Would you restate every entry that follows, word for word, and leave out the pictures?

• Entries taken from a collection:
▼

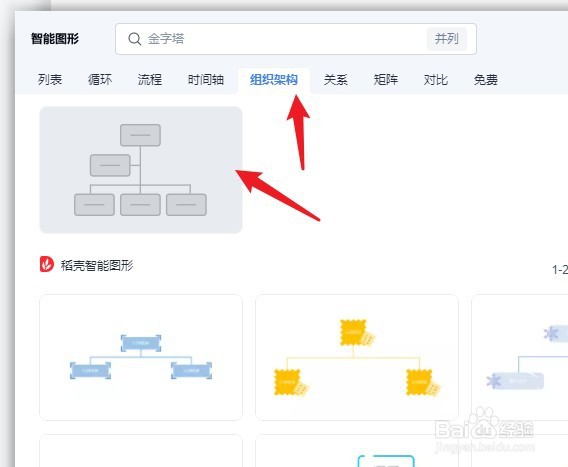 WPS word文档怎么插入组织架构图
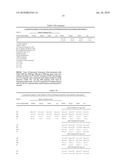 PHOSPHODIESTERASE INHIBITOR TREATMENT diagram and image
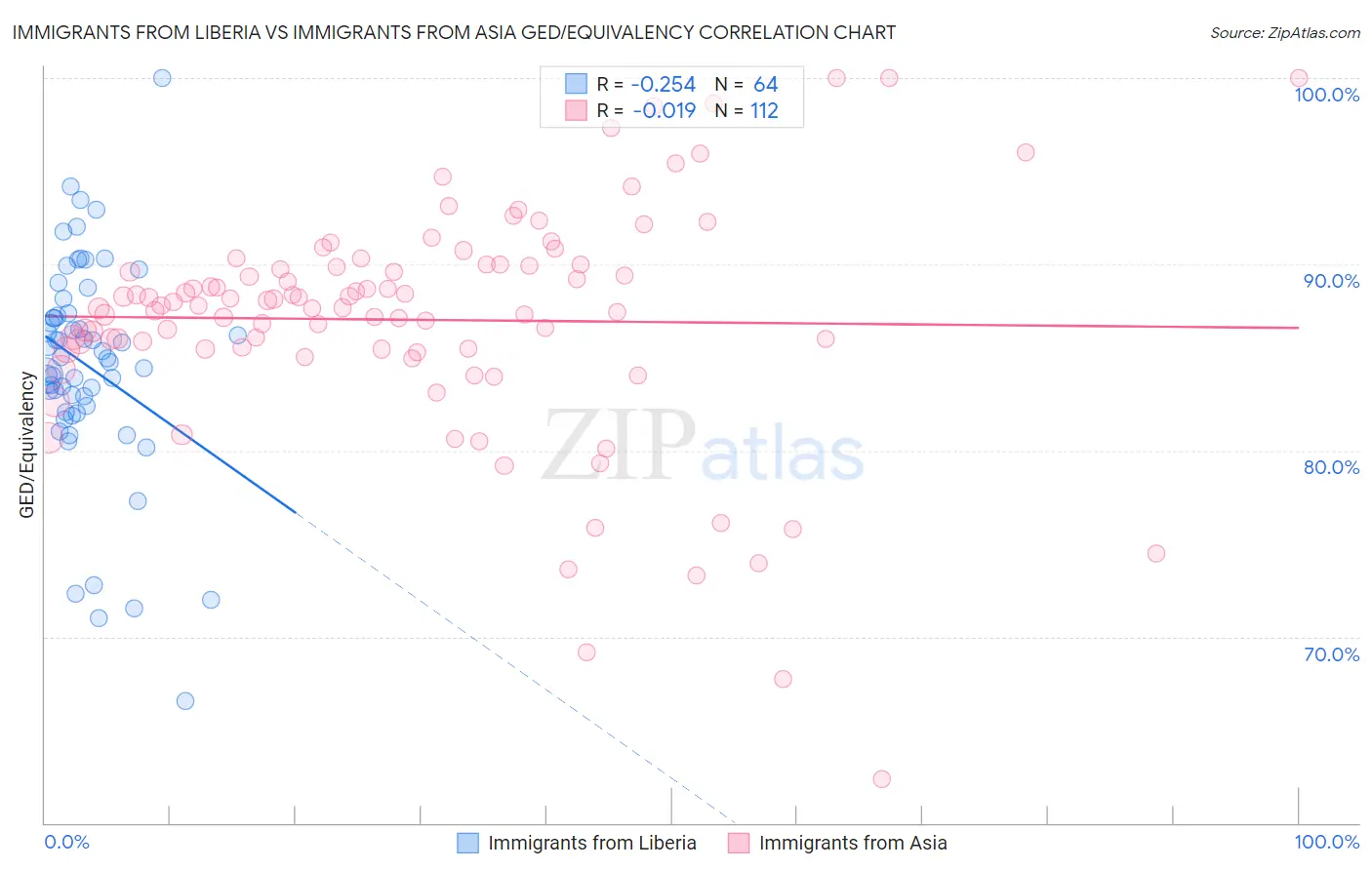 Immigrants from Liberia vs Immigrants from Asia GED/Equivalency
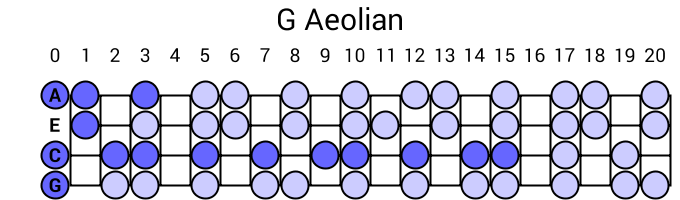 G Aeolian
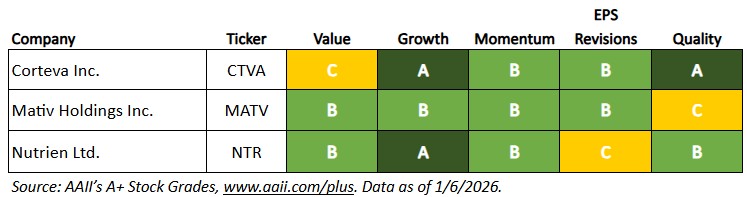 Breaking Down Three Chemical Stocks | AAII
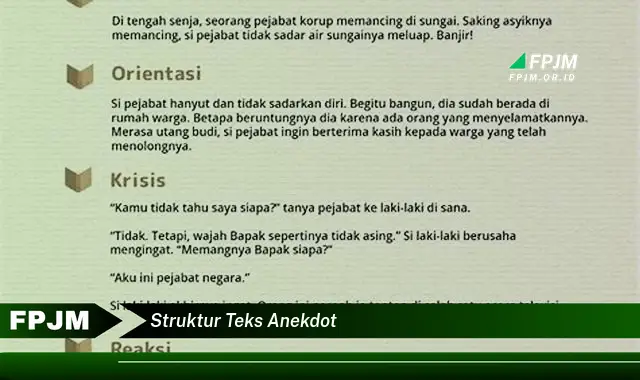 struktur teks anekdot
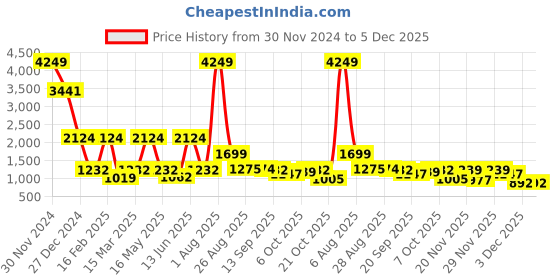 myntra.com Voylla Pashmina Rimsha Gold-Plated Kundan-Studded Jewellery Set voylla Price History Graph from 30 Nov 2024 to 5 Dec 2025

▲

• SOLUTION TO THIS TASK:
 WPS word文档怎么插入组织架构图
 PHOSPHODIESTERASE INHIBITOR TREATMENT diagram and image
 Immigrants from Liberia vs Immigrants from Asia GED/Equivalency
 G Aeolian
 Breaking Down Three Chemical Stocks | AAII
 struktur teks anekdot
 myntra.com Voylla Pashmina Rimsha Gold-Plated Kundan-Studded Jewellery Set voylla Price History Graph from 30 Nov 2024 to 5 Dec 2025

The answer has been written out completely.